Can you say what was not to your liking and what their advice was?
 

sekkosiki

Senior Member
So I posted this demo when I first got my hands on CSB, for which I was most impressed by that particular libraries lower, chorale-fitting dynamics. Picked up MSB immediately for the auto-divisi and extra brass that neither CSB nor HWB had provided. MSB is certainly a different beast, but the reputation that LASS set forward and that even Genesis still carried is that these libraries need to be tweaked to fit what you're using them for. I replaced the CSB instruments with their MSB counterparts in the second demo below.



CSB only has C trumpets available, whereas MSB offers both C and Bb (1st - C, 2nd - Bb, 3rd - Bb, 4th - C). With the CSB demo, I transposed the second solo trumpet down and bumped the MIDI up by a whole step to emulate a Bb trumpet, which was necessary to get a strong timbral difference between the two. For MSB, I used the first and third trumpets, so both were Bb. This was for the richer tone in the lower range. I preferred the strong legato transitions of CSB, so I increased the volume of transitions in MSB by about 1db each, and lowered the legato speed of each instrument to the lowest setting. I used the Scoring/Film Stage depth control preset on each and made a virtual semi-circle to create a seating arrangement. I also used the mix mics on each at their default, and then brought in some extra close mic to add bite. Sizzle is also set to it's highest setting (this is a very subtle effect). Vibrato is controllable in this library, something CSB does not offer control of. This is set by default to CC2, which actually makes it very easy to copy parts between CSS and MSB. Finally, I set attack control to Velocity (trying to get closer to a CSB workflow since I was copying MIDI data), and raised the velocity response on the Horn a bit to have it respond quicker to the MIDI data. All CC1 data was bumped up from where it was set for CSB, as this library is generally softer than CSB.

Other than the stage presets, all other internal processing was turned off. Similar to the CSB example, the only external processing was a little Spaces II War Memorial and then the Ozone Maximizer to match the volume of the examples.

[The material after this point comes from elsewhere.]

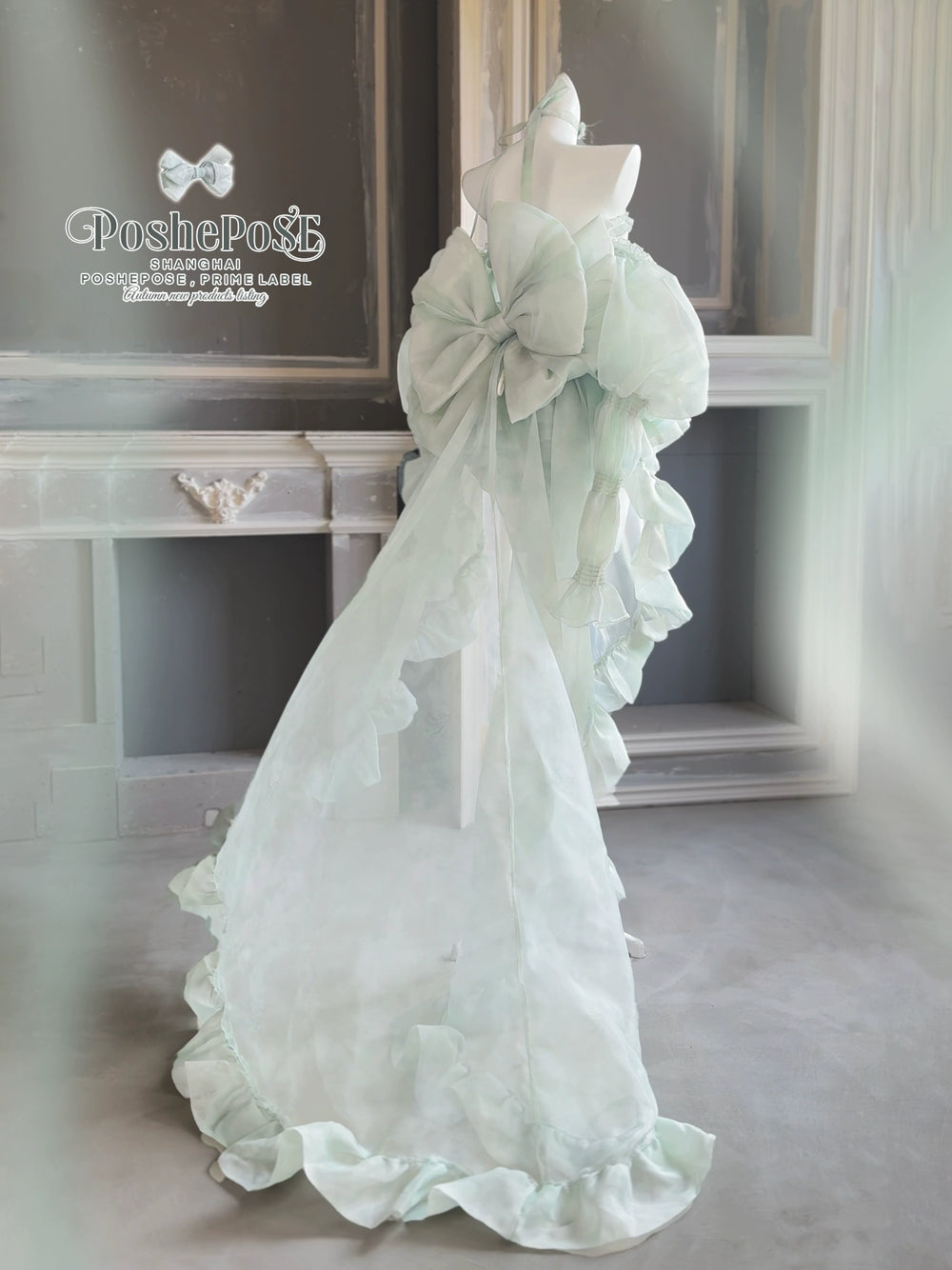POSHEPOSE~Cherie Green~Sweet Lolita JSK High-end Full Set Puffy Sleeves Trailing Dress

Edit: I now user demos are in high demand, so - while I work full time - let me know if there are features you'd like to learn more about and I can post accompanying examples when I have a moment.
Wow, this is what I wanted to hear. One of the first demos I really like, and actually prefer MSB for this kind of choral brass writing. If you have time Duncan, could you do a short and fast fanfare with both shorts and longs with MSB?
 

Nick Batzdorf

Moderator
Moderator
The "Starwars fanfare demo" left me speechless; I would have to dig out my Sampletank to replicate that. I really hope AudioBro gets moving on some professional demos, or these initial impressions will be difficult to overcome.
I'm repeating myself, but... if this isn't a professional demo, I don't know what is. It's *exactly* scoring- SCORING BRASS:

https://audiobro.com/modern-scoring-brass/

Wanker Star Wars sequence pasted in without being adjusted to any library is going to sound like wanker Star Wars sequence with any library.